Gov plans anti-doxxing laws

The government plans to draft anti-doxxing laws after the leak of a group chat for coordinating deplatforming campaigns against critics of Israel exposed 600 people’s details.

Gov plans anti-doxxing laws

The government plans to draft anti-doxxing laws after the leak of a group chat for coordinating deplatforming campaigns against critics of Israel exposed 600 people’s details.




Gov plans anti-doxxing laws










Doxxing, according to the eSafety Commissioner — “is the intentional online exposure of an individual’s identity, private information or personal details without their consent.” 

Prime Minister Anthony Albanese told 2GB radio that the proposed laws would be folded into reforms of the Privacy Act set for later this year; the review of the Act neither considered nor recommended laws against harassing people by publishing their sensitive information. 

“I’ve asked the Attorney-General to bring forward legislation in response to the Privacy Act review, including laws that deal with so-called doxxing,” Albanese said last night when asked about the leak. 

Attorney General Mark Dreyfus said in an interview that the proposed laws would prevent further “targeting of members of the Australian Jewish community through doxxing”; making no comments on pro-Israel groups’ use of the same techniques against pro-Palestine activists and anti-Zionists Jews.

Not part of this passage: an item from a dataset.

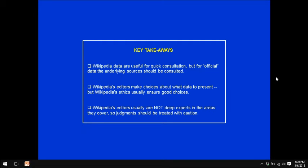Key takeaways. First, Wikipedia data are useful for quick consultation, but for official data, the underlying sources should always be consulted — that includes in a work environment or in a school environment. Anything that's being published should rely on official sources, not on Wikipedia itself. Second, Wikipedia's editors make choices about what data to present, but we can usually trust their choices. These are usually unbiased choices that are well monitored by other editors. And finally, do remember that Wikipedia's editors are usually not deep subject matter experts in the areas they cover — they contribute on hundreds of topics throughout the year. So their judgments should be treated with caution. You as the data user should make a judgment about the data you're using.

Dreyfus was also unable to answer whether Nine newspapers – the recipient of the leaked information – would have contravened the proposed anti-doxxing laws.

Dreyfus suggested the reforms may penalise the hosts of the information instead of the individuals who leak it, which coincides with plans to pressure platforms to reduce hate speech targeting communities through reforming The Online Safety Act 2021.

“We’ve already got some provisions through the eSafety Commissioner that enable online platforms to be required to take down [doxxing],” Dreyfus said.

“We’ve seen the eSafety Commissioner not only sending takedown notices but imposing penalties; that’s one of the measures that we’re certainly going to be looking at in relation to this practice of doxxing.”

The form of doxxing in question may already be illegal under section 474.17 of the Commonwealth Criminal Code: “using a carriage service to menace, harass or cause offence”. 

If the anti-doxxing laws are introduced as part of the reforms to the Privacy Act it will likely include exemptions for public interest journalism, which the government agreed to in its response to the review’s recommendations.  

“The government agrees that the exemption for media organisations ‘in the course of journalism’ should continue, with strengthened self-regulation requirements for media organisations not subject to privacy standards overseen by a recognised oversight body (ACMA, APC or IMC) (proposal 9.1) [pdf],” the Attorney General’s Department said last year. 

Highlighting the complexity of the issue, it added “further consideration will need to be given to how best to support smaller news media organisations engaging in public interest journalism.”

This is because non-legacy outlets, like Wikileaks or Distributed Denial of Secrets (DDoS), have produced some of the most impactful public interest journalism even though their modus operandi could fall under the proposed definition of doxxing. 

Wikileaks’ 2009 publications of eleven neo-Nazi groups’ membership lists led to an Australian Blood and Honour forum administrator losing their job with Thales, which was contracted by the Department of Defence.

Julian Assange’s publication of British National Party members also exposed to the UK Police that its employees had violated the Force’s policy against officers joining the anti-immigrant party. 

After DDoS published emails Enlace Hacktivista stole from Manus Island police, Guardian Australia analysed them and exposed human rights abuses against refugees.